DXによる経営の高度化は組織にとっても個人にとっても必須のテーマ

 DXによる研究の高度化については既述の範囲にとどめ、最後に経営の高度化について述べておきたい。

 教育と研究は健全な経営を基盤として初めてその機能を維持し、高度化させることができる。ヒト、モノ、カネ、情報という経営資源を確保し、大学が進むべき方向を定めて、適切にこれらの資源を配分するのが経営の役割であり、その難度は高まり続けている。

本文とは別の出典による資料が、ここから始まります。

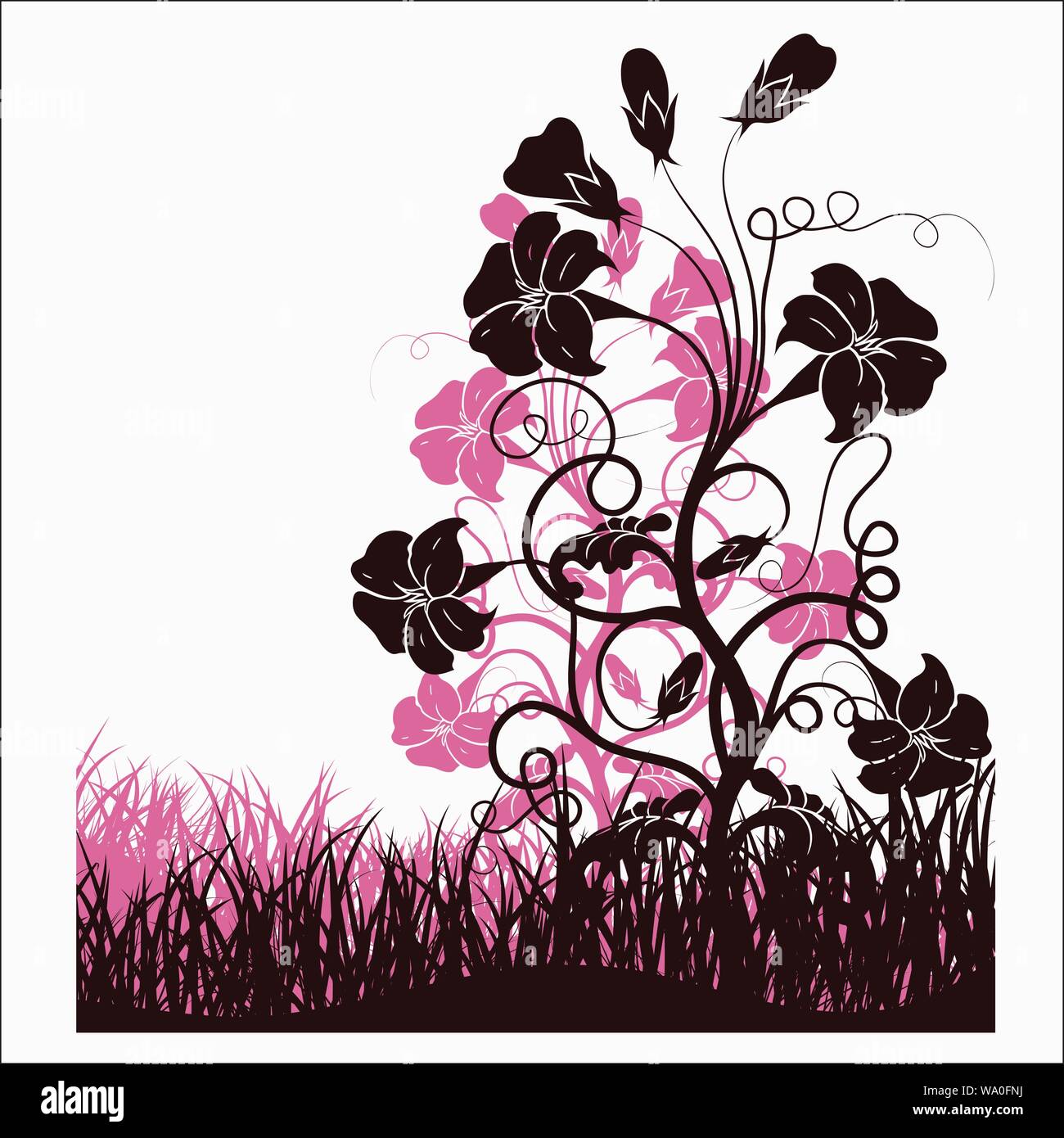 vector background of floral banners Stock Vector Image & Art - Alamy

そのためにも経営を持続的に高度化させていかなければならない。

 DXによる経営の高度化とは、事務的処理のデジタル化を通して人的資源をより付加価値の高い業務に振り向けるとともに、データを最大限に活用することで、大学の諸機能の高度化と新たな価値の創出を促す取り組みである。

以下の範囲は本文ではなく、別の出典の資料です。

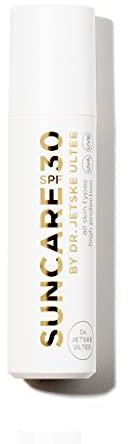 Suncare Dr. Jetske Ultee | Tagescreme LSF 30 mit sicheren UV-Filtern Tinosorb S und M | Mit Antioxidantien: Niacinamide, Koffein und Vitamin E | Airless Pumpspender | Parfümfrei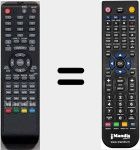 Telecomando sostituto di RC53ATVDVD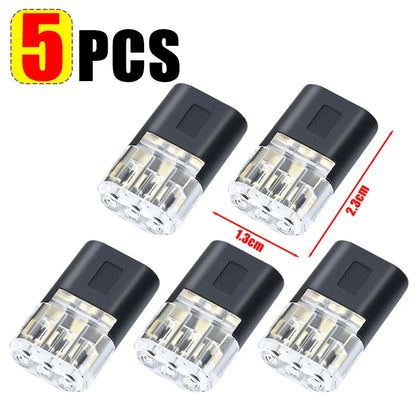 3-Wire Quick Connect Automotive Electrical Connector No-Weld 1.3x2.3cm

 デジタル技術が社会や組織に大きな変化をもたらすなか、大学が従来の組織・プロセス、仕事の仕方や発想から脱却できなければ、厳しさを増す環境において淘汰を免れないだろう。

 このことは組織だけでなく、そこで働く構成員も取り残されることを意味する。自校の中だけでしか働けない人材ばかりでは、厳しさを増す大学間競争に打ち克つことはできない。個々の成長を促し、他校でも、さらには他業種でも活躍できる能力が身につくように、場を整え、機会を与えるのが経営の役割である。

 DXによる経営の高度化は、大学という組織にとってもその構成員たる個人にとっても必須のテーマである。


 変化への抵抗は、社会、組織、個人のそれぞれのレベルにあり、それが変革を難しくしていることは周知の通りである。特に大学には変化への根強い抵抗がある。その大学でDXに取り組むことが如何に難しいことかは容易に想像できる。

 トップがDXの本質を理解し、強い信念と覚悟を持って旗を振り続けられるか、教職員が自分自身の問題として捉え、積極的に活動に参画するか、デジタル技術と学内業務を理解する人材が得られるかが、成否を分けるポイントと考えられる。

 人材・資金面で制約のある中小規模校での取り組みのあり方、立本・生稲論文が重視する「オープン」と「データ」の大学DXにおける意味づけなども重要な論点である。これらについては改めて論じることとしたい。